We could summarize “co-living” as an extension or evolution of coworking in the housing market, in which all residents of the same space, usually like-minded professionals, in addition to sharing a place of development of their work, share a home where they can continue to exchange personal and professional experiences.
What does this concept bring?
The main solutions provided by the concept of co-living” are:
- Higher return than other residential alternatives.
- Share life experience within a community in which to feel identified.
- Social activation
- The convenience of living in a private professional environment with shared services and amenities.
- Added professional value, improved productivity.
How has the COVID-19-caused pandemic impacted “co-living”?
By summarizing it in a single sentence, we could say that the impact of COVID-19 has been positive for “co-living”. Confinement has reinforced the feeling and need to belong to a community. All international studies indicate that “co-living” will continue to gain terrain, by focusing on addressing individuality and loneliness as part of its strategy.
Christopher Hütwohl, Managing Director of Corestate Capital Advisors Spain, during his participation in the fifth day of SIMAPRO 2020, the main professional event of the real estate sector, said: "…COVID-19, digitization, sharing economy or urban concentration have boosted these products, making them less and less alternative, but it will be management that will truly end up defining them. “Co-living” is no longer an alternative, but a product with certain characteristics and valid for both thirtysomethings and retirees...”.
The second wave of COVID-19 is teaching us how to manage unforeseen events differently, to be flexible with our habits of life and personal and professional interrelationship, and to rethink as we want common spaces to be in the future. If there's one thing we're discovering is that spaces are defined by users today, not architects.
So, can we talk about “co-living” as a present and future reality?
The new needs of users will cause “co-living” to evolve, differentiate and diversify, focusing on another public, creating niche models such as “co-living” for families, seniors, students, startups, as well as other specific needs of consumers.
The “co-living” model should adapt to new consumer needs and preferences arising in this uncertain global context, adapting the space to new designs and the incorporation of technology to ensure physical distance and safety/health measures; but it will also be necessary to design new business strategies for leasing, operation and marketing.
Perhaps in Spain this evolution to “co-living” still has a much deeper route than in other European countries; for example, Madrid, despite being the capital of our country, is in line with European “co-living” with only 410 operational beds intended for this concept. An obstacle to its growth is that in Madrid young professionals of high economic level, a direct target of the segment, represent only 15% of the young population.
But it is also true that this journey has begun to take place with special dedication and effort, clearly betting on “co-living” in what represents a declaration of intent before the new residential and real estate models.
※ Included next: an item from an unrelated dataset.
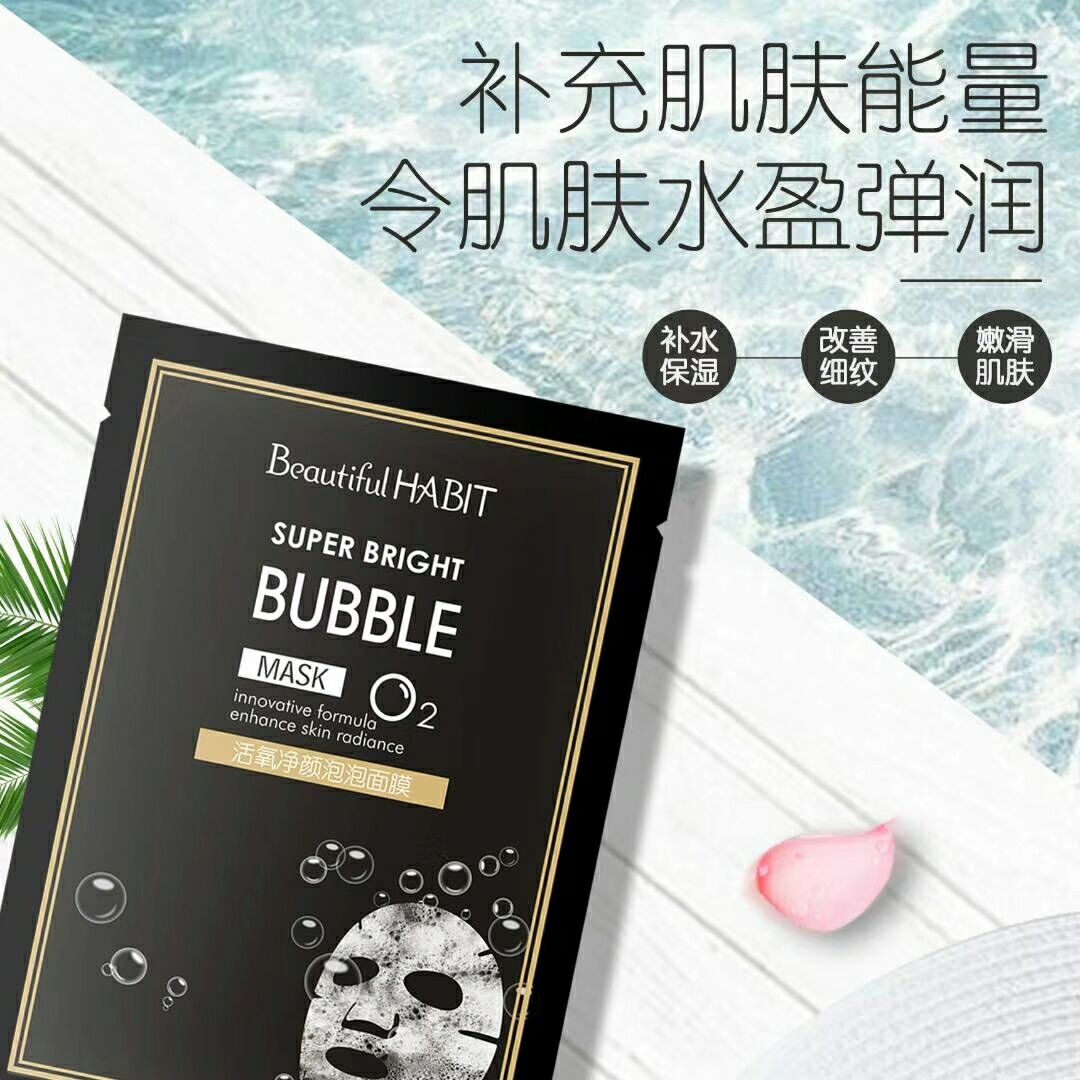 美丽习惯泡泡黑面膜清洁面膜贴女深层补水保湿控油提亮收缩毛孔详情图2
Not for nothing, large “co-living” companies have just landed in Spain detecting the opportunities presented by the country.
Setting an example back to Madrid, the capital has projects to increase the number of beds by companies such as The Student Hotel, Homii or Urban Campus. And if you look at cities further away from the main ones, Malaga, for example, is currently studying to cede endowment land to build “co-living” spaces for young people.
Co-living, in short, is a place where it coexists day and night and where social interrelationships become n more relevant; and, in the light of pandemic, much more so. That is why we believe that this concept is much broader, addressing a clear cultural transformation and coexistence. Something that we will expand in the future, when we talk about the transformation of some hotels into co-living spaces.